Final answer:
a. The work done by gravity on the load is -3427.5 joules.
b and c. The work done by the tension in the rope and by the person is 3427.5 joules each, assuming no other forces are at work.
Step-by-step explanation:
The question pertains to work done by various forces when a person pulls a heavy load using a frictionless pulley.
(a) The work done on the load by gravity is calculated by the formula Work = Force x Distance x cos(θ).
Since the direction of the gravitational force is directly downwards and the displacement is upwards, θ = 180 degrees, and cos(θ) = -1 (since cos(180) = -1).
The force due to gravity (weight) is mass x gravitational acceleration (W = mg).
So, Work by gravity = mg x distance x (-1).
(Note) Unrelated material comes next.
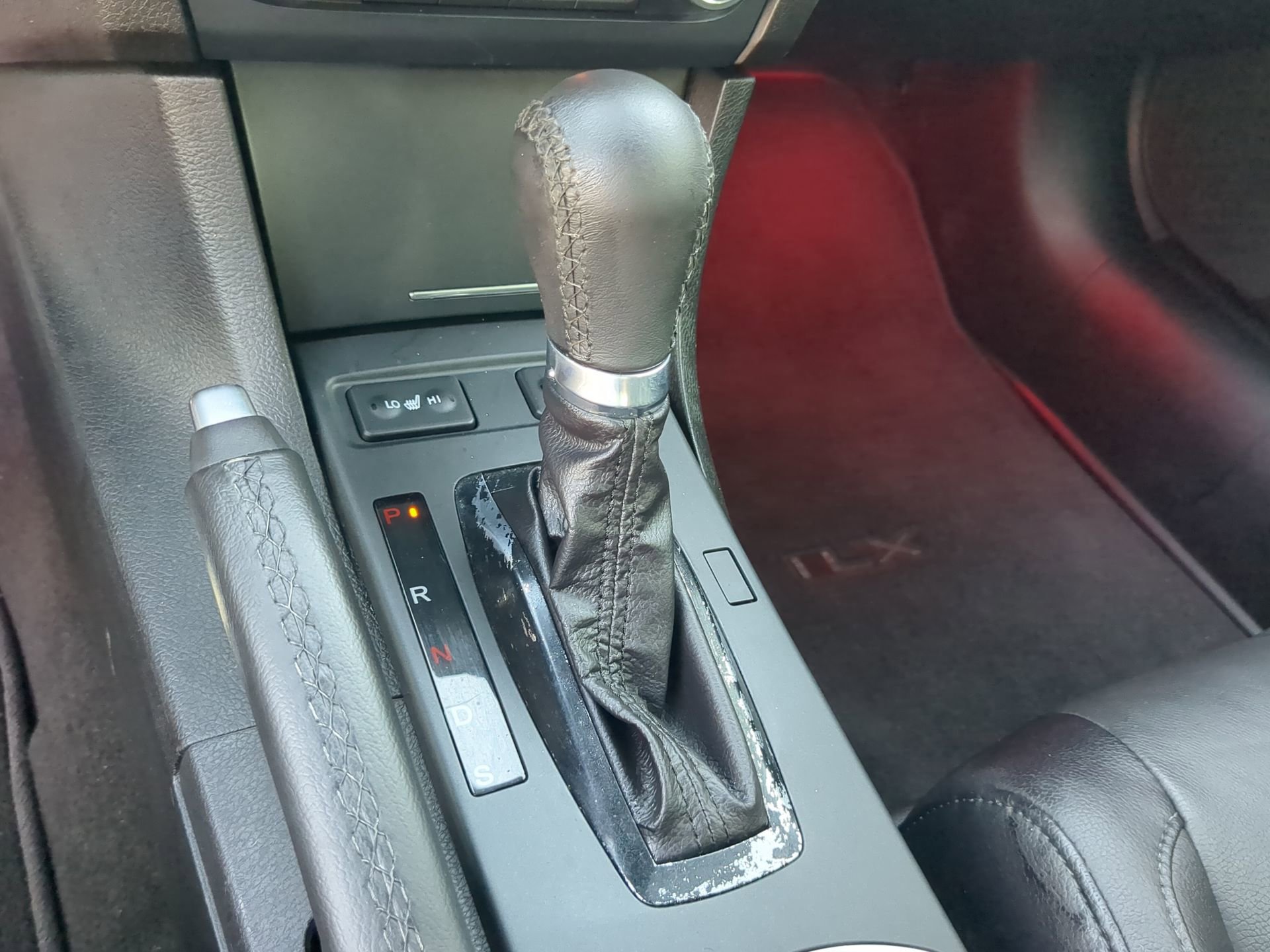Used 2022 Acura ILX FWD image 62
Here, m = 37 kg, g = 9.8 m/s² (standard gravity), and distance = 7.5 m. Thus, Work by gravity = 37 kg x 9.8 m/s² x 7.5 m x (-1) = -3427.5 J.
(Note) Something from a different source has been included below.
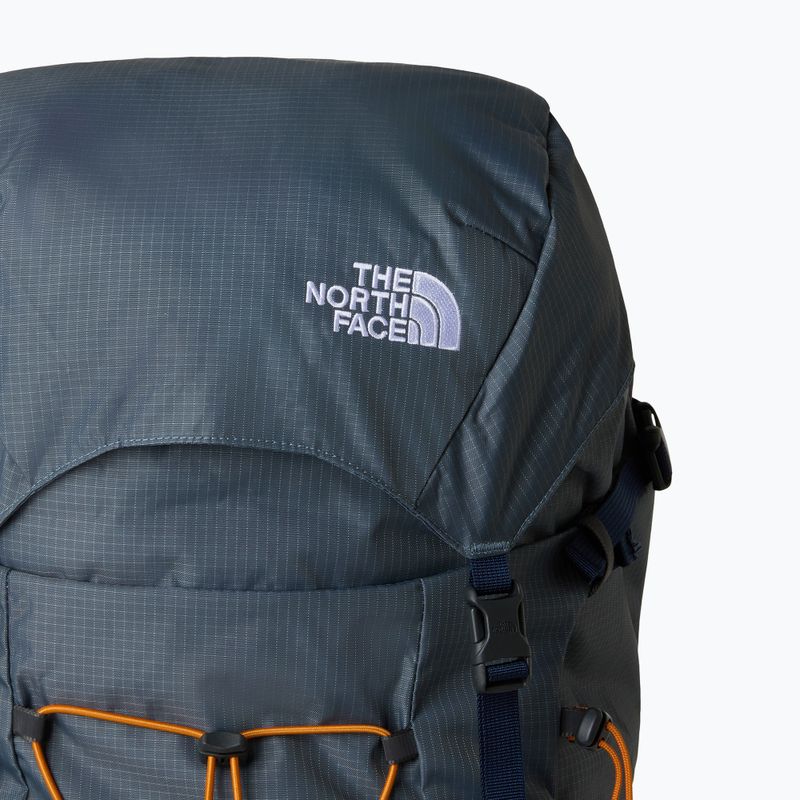 Tourenrucksack The North Face Trail Lite 36 l granite grey/summit nav 4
The work by gravity is negative because gravity is acting in the opposite direction of the displacement.
(b) Since the tension of the rope acts upwards and the load is moved upwards at a constant velocity, the tension in the rope is equal to the weight of the load. Therefore, the work done by the tension will be equal to the magnitude of the work done by gravity but it will be positive because the tension force and the displacement are in the same direction. Work by tension = 3427.5 J.
(c) The work done by the person will be equal to the work done by the tension since the person is applying this force through the rope, assuming no other forces like friction are at play. So, Work by person = 3427.5 J.